On the other hand, if I was going to release a web framework, I might do more to abstract request variables (provide a params hash like Rails, or a Rack-style request hash). Also: I'd probably build it on libevent's evhttp instead of demanding that users plug my C code into FCGI.
A little off-topic, but you sound familiar with libevent.
I've never used either but I'm looking at gevent for a project, and I noticed that they switched to libev: http://software.schmorp.de/pkg/libev.html ... do you know what "limitations and bugs" in libevent they speak of? I poked through the mailing list for libev and couldn't find anything specific.
I've never paid much attention to libev. I've been using libevent since 2002 (it was the standard event loop at Arbor Networks, which was in Ann Arbor, where Niels Provos lived at the time). Before libevent, I used ACE_reactor to accomplish the same tasks. I prefer libevent (strongly) to ACE. I might prefer libev to libevent, but... why bother? Libevent works fine.
My guess about "limitations" of libevent is that it's primarily that libevent is anchored to global state and needs to own the event loop for the program. So, for instance, to get it working in Cocoa apps, I have to spawn off a libevent thread. And I can only have one of them.
But this isn't really a big deal for me; once I got the libevent thread working, everything was peachy for me.
In no other context do I ever, ever have any need to do anything funky with how I include libevent; 90% of programs that use libevent are designed from the outset to use libevent and don't benefit from flexibility about the event library.
I have minimal experience with libevent and much more with libev, but I do think that libev is very, very well-engineered. The author is on steroids, you can really notice it just by reading the documentation. The documentation and the code indicate that he knows what he's doing and is very serious about performance. There are also no obvious design flaws in libev that would result in limitations. Want fork? No problem, but be aware of clearly documented issues A B and C. Want threads? No problems, it even documents how, as well as potential issues. Want signals? No problem, and again potential issues are clearly documented.
Niels (of libevent) is also pretty ridiculously talented; it's also hard to dispute that libevent has had more testing.
Libevent vs. libev really seems like a Linux vs. BSD kind of debate. I'd always choose libevent over libev, but you can apparently get a performance improvement (which is probably going to be marginal compared to other simple things you can do to speed up an evented program) by going with libev.
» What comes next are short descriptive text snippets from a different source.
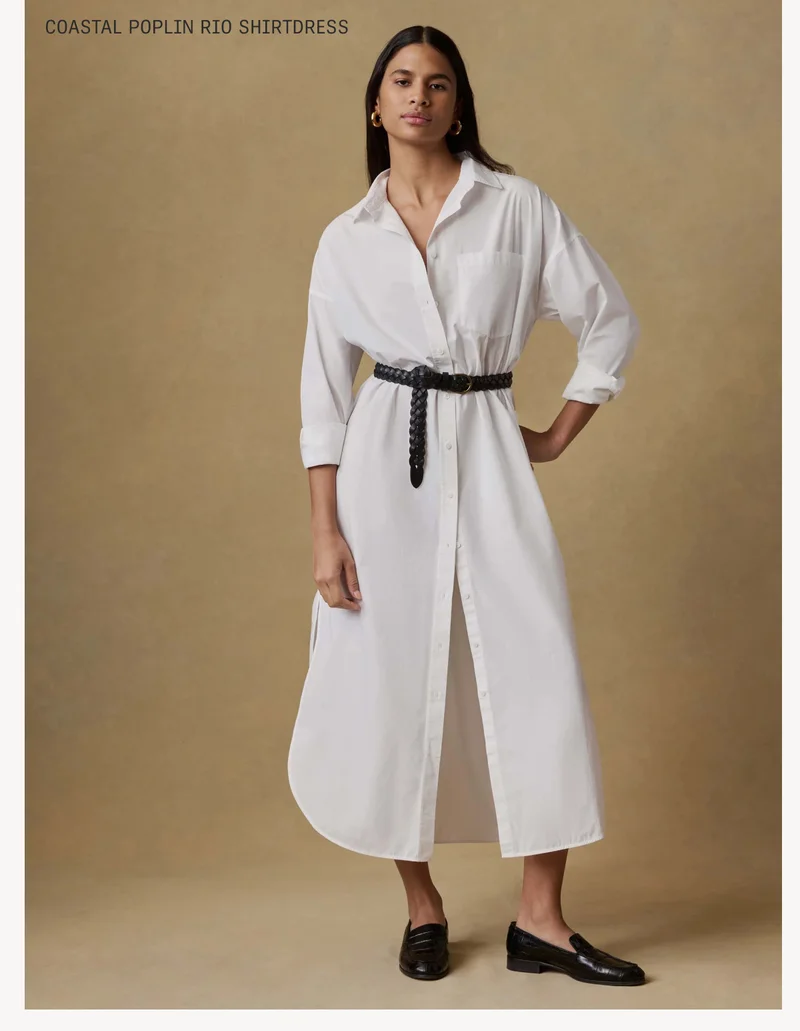 Coastal Poplin Rio Shirtdress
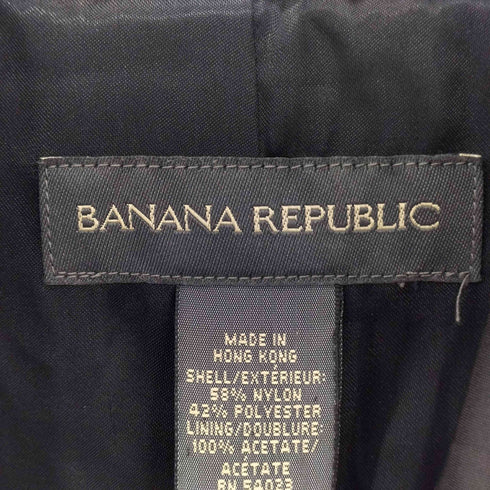 バナナリパブリック BANANA REPUBLIC 00s ナイロン混 ボタンレスコート レディース S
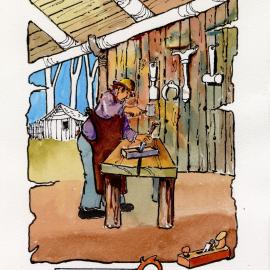 Redcliffe Convict Artwork - Blacksmith's Shop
And it looks like if you're doing clientside dev, like building a new browser or file transfer client, that libev is easier to embed.
There's also picoev to look into if you're interested in seeking alternatives to libevent. I don't know a huge amount about libevent and it's a bit niche, though. The meinheld WSGI server uses it, and I got nearly double requests/second compared to gevent (libevent). Not that that means much, but it's interesting.
Something like evhttp also has the benefit that you can have more than one request "in flight". FastCGI can theoretically do this, but almost no implementation supports it - and it makes e.g. writing a simple chat server much easier (one process, one thread, tons of connections, data in memory.)
On the other hand, if I was going to release a web framework, I might do more to abstract request variables (provide a params hash like Rails, or a Rack-style request hash). Also: I'd probably build it on libevent's evhttp instead of demanding that users plug my C code into FCGI.